J12. When should you NOT use Bellman-Ford?¶
When all weights are non-negative, use Dijkstra — it is asymptotically faster. When the graph is a DAG, relax in topological order in O(V+E). When the graph is unweighted, use BFS. Bellman-Ford earns its keep specifically when negative weights are possible or when you must detect a negative cycle.
Middle Questions (12 Q&A)¶
M1. Prove that after k rounds, distances are correct for paths of at most k edges.¶
By induction on k. Base: after 0 rounds, dist[src] = 0 (empty path) and all others ∞, correct for 0-edge paths. Step: assume after round k every shortest path of ≤ k edges is correct. Take any shortest path to v of ≤ k+1 edges with last edge u → v; its prefix to u has ≤ k edges, so dist[u] was correct before round k+1. Round k+1 relaxes u → v, so dist[v] becomes dist[u] + w, the optimum. Relaxation never overshoots, giving equality.
M2. How do you locate a negative cycle, not just detect it?¶
After V-1 rounds, run one more pass; if edge u → v relaxes, set x = v. Step the pred pointers from x exactly V times — because you stepped back more than the longest simple path, you are guaranteed to land inside the cycle. From that vertex, follow pred until you return to it; that closed walk is the negative cycle. Reverse for forward order.
M3. What is SPFA and how does it relate to Bellman-Ford?¶
SPFA (Shortest Path Faster Algorithm) is the queue-based variant, originally Moore's contribution. Instead of re-relaxing every edge each round, it keeps a FIFO queue of "active" vertices whose distance just improved and only relaxes their outgoing edges. A vertex is enqueued at most once at a time (an inQueue flag prevents duplicates). On random and sparse graphs it is often close to O(E), but its worst case is still O(VE).
M4. How does SPFA detect a negative cycle?¶
Count how many times each vertex is relaxed into (dequeued and processed). If any vertex is relaxed ≥ V times, a negative cycle is reachable, because in a cycle-free graph a vertex's distance can improve at most V-1 times.
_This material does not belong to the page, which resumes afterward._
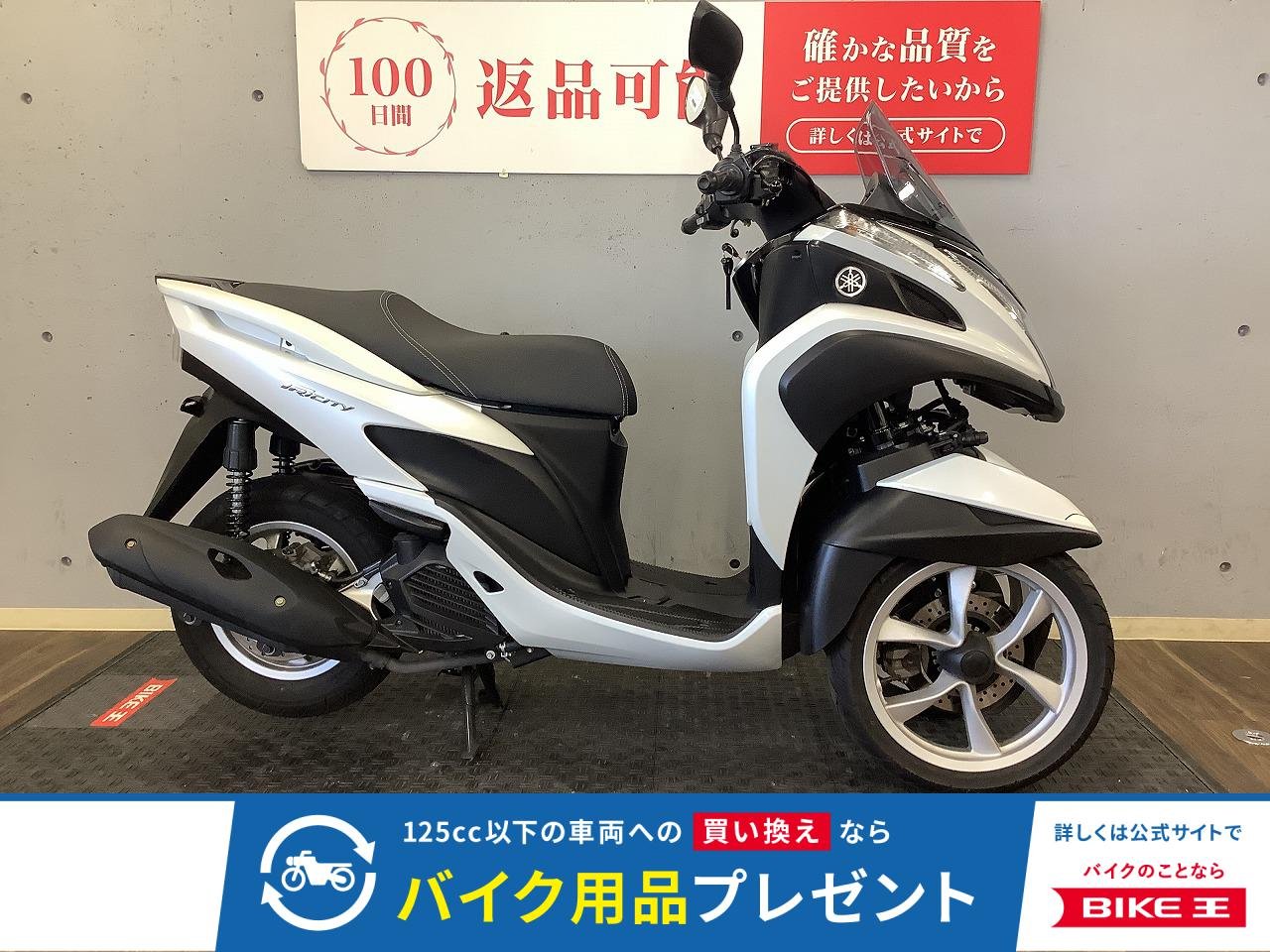 トリシティー125　2015年モデル！!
Bail out the moment a count hits V.
M5. Why is SPFA considered a "trap" at scale?¶
Its average-case speed tempts engineers to use it as a drop-in replacement, but adversarial inputs — layered zigzag graphs, certain negative lattices — reliably force the full O(VE), spiking CPU and timing out judges or services. It offers no worst-case improvement over plain Bellman-Ford. The safe default for guaranteed performance is O(VE) Bellman-Ford with early termination, or Dijkstra if weights are non-negative.
M6. How do you detect currency arbitrage with Bellman-Ford?¶
Model each currency as a vertex and each exchange rate r from i to j as an edge with weight -log(r). A cycle whose rate product exceeds 1 (profitable) becomes a cycle whose weight sum is negative. Initialize all distances to 0 (every currency is a potential start), run V-1 rounds, then a detection pass. Any relaxation in the detection pass means a negative cycle exists — arbitrage.
M7. What are difference constraints and how does Bellman-Ford solve them?¶
A system of constraints of the form x_j - x_i ≤ c can be solved as a shortest-path problem. Model each constraint as an edge i → j with weight c. Add a super-source with 0-weight edges to every variable, run Bellman-Ford, and read x_i = dist[i] as a feasible assignment. If a negative cycle exists, the system is infeasible. Schedulers and timing-analysis tools use exactly this.
M8. Why a super-source, and when do you need it?¶
Plain Bellman-Ford only detects negative cycles reachable from the source. If you need to find a negative cycle anywhere in the graph, add a virtual super-source with 0-weight edges to all vertices (or equivalently initialize every dist to 0). Now every vertex is reachable, so any negative cycle becomes detectable.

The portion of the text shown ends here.